(Image-backed grounding data)
—————

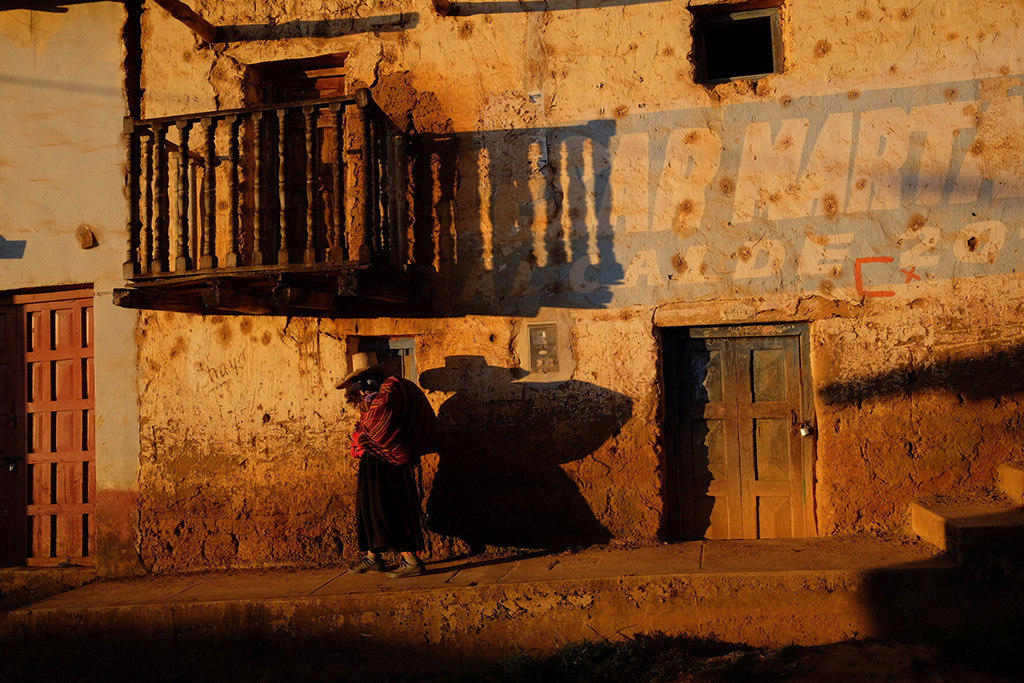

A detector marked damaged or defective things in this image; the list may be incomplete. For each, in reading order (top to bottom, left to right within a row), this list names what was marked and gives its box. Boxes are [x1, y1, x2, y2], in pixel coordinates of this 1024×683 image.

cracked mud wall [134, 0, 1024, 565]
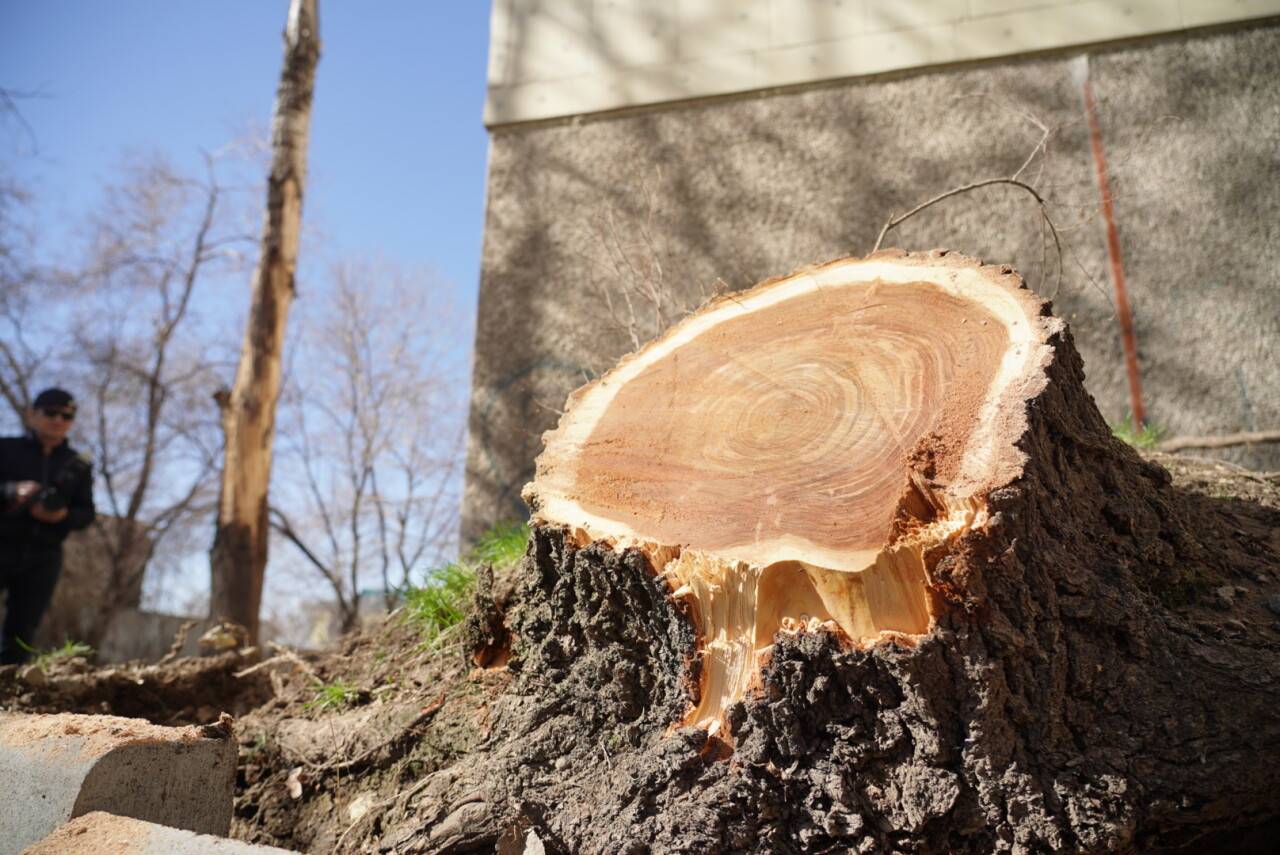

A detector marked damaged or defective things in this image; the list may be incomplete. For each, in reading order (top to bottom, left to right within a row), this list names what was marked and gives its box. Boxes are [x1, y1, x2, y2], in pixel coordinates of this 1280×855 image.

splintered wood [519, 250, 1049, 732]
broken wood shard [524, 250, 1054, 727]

—————

» Work instruction: Word for word, repeat each record above; leave out every picture.

» Response to this exercise:
A detector marked damaged or defective things in this image; the list may be incomplete. For each, in reading order (top to bottom, left to right within a row), this list names what was marked and gives its box. Boxes are [x1, y1, x2, y2], in pixel coordinates of this 1024×683 image.

cracked mud wall [134, 0, 1024, 565]

A detector marked damaged or defective things in this image; the list may be incomplete. For each, in reading order (top to bottom, left to right within a row), this list names what was marked and gives its box. Boxes are [x1, y1, x2, y2], in pixel coordinates of this 1280×855 image.

splintered wood [519, 250, 1049, 732]
broken wood shard [524, 250, 1054, 727]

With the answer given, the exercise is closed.